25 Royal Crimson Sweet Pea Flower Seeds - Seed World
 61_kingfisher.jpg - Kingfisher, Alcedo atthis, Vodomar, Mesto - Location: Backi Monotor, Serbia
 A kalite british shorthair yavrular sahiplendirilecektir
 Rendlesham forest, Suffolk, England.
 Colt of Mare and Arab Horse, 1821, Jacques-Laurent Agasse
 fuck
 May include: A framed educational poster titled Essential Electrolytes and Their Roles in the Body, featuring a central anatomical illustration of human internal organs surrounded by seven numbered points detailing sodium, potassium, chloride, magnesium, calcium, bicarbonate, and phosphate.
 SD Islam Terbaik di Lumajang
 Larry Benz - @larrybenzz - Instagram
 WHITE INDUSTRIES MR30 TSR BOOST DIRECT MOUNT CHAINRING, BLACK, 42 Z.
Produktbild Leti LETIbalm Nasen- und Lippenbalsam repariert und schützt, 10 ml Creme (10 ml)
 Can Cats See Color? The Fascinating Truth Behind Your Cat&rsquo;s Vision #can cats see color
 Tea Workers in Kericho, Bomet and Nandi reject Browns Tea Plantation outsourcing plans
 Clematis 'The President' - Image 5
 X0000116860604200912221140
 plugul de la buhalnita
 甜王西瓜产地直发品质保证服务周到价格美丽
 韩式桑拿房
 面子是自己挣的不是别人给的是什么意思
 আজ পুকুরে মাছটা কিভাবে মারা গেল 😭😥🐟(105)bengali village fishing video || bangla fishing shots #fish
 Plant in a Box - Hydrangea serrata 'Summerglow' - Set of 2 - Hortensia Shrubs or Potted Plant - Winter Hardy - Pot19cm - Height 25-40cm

Exercise goal: Give an exact copy of the lines above from the line with "Colt of Mare" up to and including the line with "SD Islam Terbaik di Lumajang", and leave everything else out.

Output for this task:
 Colt of Mare and Arab Horse, 1821, Jacques-Laurent Agasse
 fuck
 May include: A framed educational poster titled Essential Electrolytes and Their Roles in the Body, featuring a central anatomical illustration of human internal organs surrounded by seven numbered points detailing sodium, potassium, chloride, magnesium, calcium, bicarbonate, and phosphate.
 SD Islam Terbaik di Lumajang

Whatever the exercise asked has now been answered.